My master's thesis work in progress on the sociology of online publics will be presented at no less than three conferences this year. First comes the DASTS 2012 conference later this month, which is also a rehearsal for the huge 4S/EASST conference in Copenhagen in October. The third conference that I am going to present at is the 26th Conference of the Nordic Sociological Association in Reykjavik, Iceland, this August - for which I received a student scholarship to cover some of the costs (thanks!).
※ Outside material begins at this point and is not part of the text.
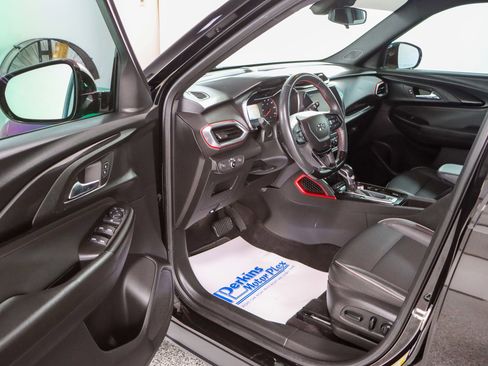 Used 2022 Chevrolet TrailBlazer RS FWD image 3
Here follows the short version:
Here follows the short version:
Public-formatting technologies and their
displacement
Recent research
within STS (e.g. Marres, Latour) has followed Dewey’s argument that the
contemporary public is not a stable sphere, but rather ”scattered, mobile,
manifold” (Dewey 1927, p. 146). This paper aims to contribute to the research
agenda of how publics organize under plural, socio-technical conditions. Based
on a case study of a snowstorm on the Danish island of Bornholm that kept
hundreds of islanders snowbound for a week, the study traces how media
technologies were used to bring together the symbolic and material resources
needed to translate the snowstorm from a private nuisance to a public issue. For
about a fortnight, public service media as well as so-called social media overflowed
with efforts to represent the snowstorm and its consequences. The paper argues
that the different socio-technical materialities of these media technologies
resulted in diverging ways of perceiving and public-izing the consequences of
the snowstorm, and thus formatted the public in different ways. The analysis
suggests that public service media, although designed as a home for ’the
public’, were less successful in producing sufficiently common understandings
of the situation. In their place, Facebook groups emerged as a stabilizing
technology for unruly publics, despite – or rather because of – the platform’s
original design intentions, which allowed for ongoing negotiation as to what could
be deemed private obstacles and public issues. As such, the case is an
exemplary displacement of design intentions that contributes to our
understanding of how media technologies format the contemporary public.